August 7, 2006 by Jason Bean
Filed under Computers
One of the items that’s definitely changed over the course of years on this earth is the concept of privacy. Used to be, the only way for personal news to spread about someone was if you shared a secret with someone that didn’t understand the concept of secrets.
Nowadays however it’s a whole different story isn’t it? With the recent news that AOL accidentally shared the browsing habits of its almost 700,000 subscribers, it seems you can’t do anything anymore without thinking someone else noticing, even though it took over a week for this to be noticed.
The link to the actual file, containing searches done by users whose personal ID are replaced with random numbers, is no longer available.

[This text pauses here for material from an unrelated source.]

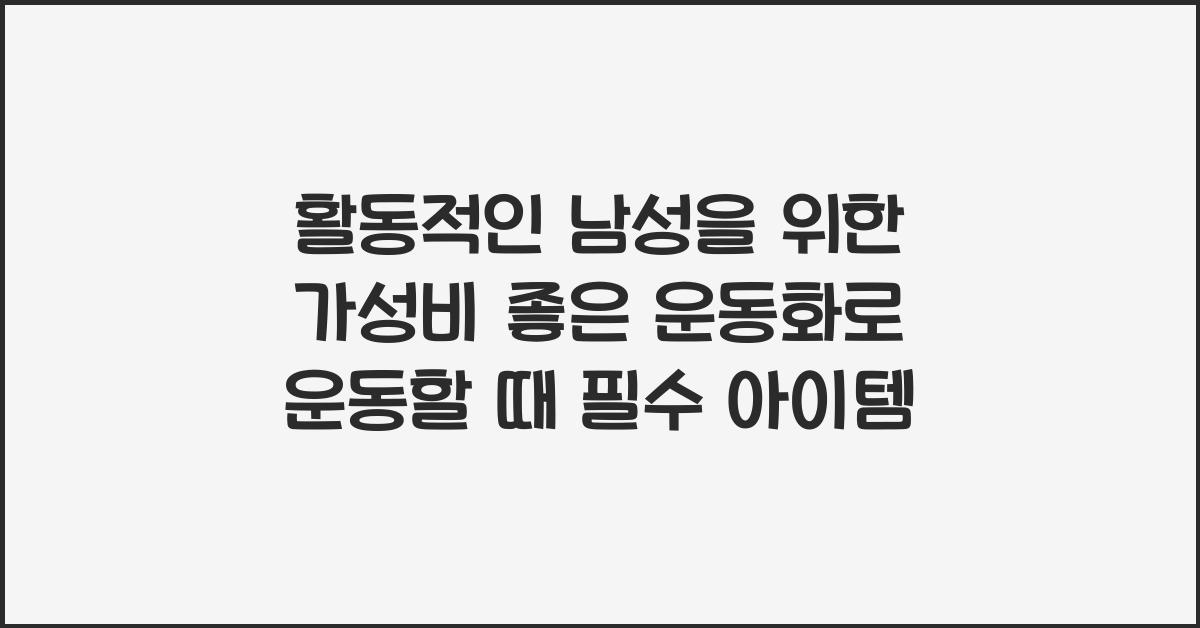 활동적인 남성을 위한 가성비 좋은 운동화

“This was a screw-up, and we’re angry and upset about it,” Andrew Weinstein, an AOL spokesman, said. “It was an innocent-enough attempt to reach out to the academic community with new research tools, but it was obviously not appropriately vetted, and if it had been, it would have been stopped in an instant.”
Should we really expect privacy online though? The information released by AOL were the actually search patterns from a group of users. The only identification that was changed and replaced with a numeric identifier was the screenname.
Even though the internet is accessed from our private homes (most of the time), should the internet itself be considered private? Should we even try to segment access location to privacy? Should the internet be considered private if I access it from home or a personal computer on my own personal internet access. What if I access it from a personal computer while sitting in Starbucks? Does it matter if I’m on a business computer and using their access?
If the internet is just a collection of otherwise publicly available content, is it any different than going to the library? I would never assume that I could go into a library and check-out a bunch of books on terrorism, bomb-making, murder, etc., and not think at least the librarian, someone looking at the same shelf of books, or the management staff would be able to know my check-out history.